The move is also due to help them function as they expect a number of NHS frontline staff including ambulance workers are expected to contract coronavirus and will have to self-isolate.
The NHS says hospitals are discharging more patients well enough to return home to free up the maximum number of inpatient and critical care beds in the region.
Barry Dews, strategic head of operations at NEAS, said: “We also anticipate that as the virus spreads, some of our own staff will become infected and need to self-isolate at home.
“By removing the routine burdens now, we are better placed to support critically-ill patients as well as our own workforce when they start to become affected in this national emergency.”
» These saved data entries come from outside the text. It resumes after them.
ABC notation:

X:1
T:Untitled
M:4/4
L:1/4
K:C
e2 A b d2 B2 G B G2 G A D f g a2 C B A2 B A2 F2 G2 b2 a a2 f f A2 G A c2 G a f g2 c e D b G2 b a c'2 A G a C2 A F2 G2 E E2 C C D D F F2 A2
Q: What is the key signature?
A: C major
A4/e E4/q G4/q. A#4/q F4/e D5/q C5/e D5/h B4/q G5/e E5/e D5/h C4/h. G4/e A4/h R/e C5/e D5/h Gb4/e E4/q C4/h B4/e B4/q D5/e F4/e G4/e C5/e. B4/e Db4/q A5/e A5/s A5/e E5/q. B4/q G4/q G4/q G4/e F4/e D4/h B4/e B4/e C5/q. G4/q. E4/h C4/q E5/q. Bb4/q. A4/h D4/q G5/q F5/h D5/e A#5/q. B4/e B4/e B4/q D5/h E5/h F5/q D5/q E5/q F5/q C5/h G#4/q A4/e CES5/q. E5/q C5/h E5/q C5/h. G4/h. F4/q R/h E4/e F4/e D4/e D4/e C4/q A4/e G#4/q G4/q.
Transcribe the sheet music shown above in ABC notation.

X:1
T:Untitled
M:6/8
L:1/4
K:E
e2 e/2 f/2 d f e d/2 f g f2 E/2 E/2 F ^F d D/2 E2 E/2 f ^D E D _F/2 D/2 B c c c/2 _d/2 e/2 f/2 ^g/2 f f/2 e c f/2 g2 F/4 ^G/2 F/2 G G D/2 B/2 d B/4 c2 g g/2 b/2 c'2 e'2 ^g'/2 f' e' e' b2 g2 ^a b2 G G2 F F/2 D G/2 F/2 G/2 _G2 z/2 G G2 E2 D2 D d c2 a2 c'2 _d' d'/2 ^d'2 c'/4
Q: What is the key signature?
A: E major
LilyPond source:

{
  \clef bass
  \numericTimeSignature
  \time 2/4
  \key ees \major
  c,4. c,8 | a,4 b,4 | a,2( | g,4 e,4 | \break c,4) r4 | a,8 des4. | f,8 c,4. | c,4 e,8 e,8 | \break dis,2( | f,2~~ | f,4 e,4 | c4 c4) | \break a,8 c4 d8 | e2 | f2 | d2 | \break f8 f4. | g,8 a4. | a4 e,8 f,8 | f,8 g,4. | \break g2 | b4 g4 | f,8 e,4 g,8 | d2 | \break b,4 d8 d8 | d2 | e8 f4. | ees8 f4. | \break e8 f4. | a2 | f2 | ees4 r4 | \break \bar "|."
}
A limited transport service will continue for patients needing dialysis; chemotherapy, radiotherapy and other cancer treatment at 21 essential clinics; and when required for non-urgent assessment as directed by a clinician. NHS trusts are also contacting patients with non-urgent planned operations and routine outpatient appointments to let them know their appointment is postponed.
Emergency admissions, cancer treatment and other urgent clinical care are unaffected.
Trusts will contact patients directly.
Professor Chris Gray, medical director for Cumbria and the North East, added: “This is an important step we must take to ensure we free-up beds and staff, so we can care for the most critically ill in these unprecedented times.”
Patients who are concerned about their transport should contact NEAS on 0300 1110247.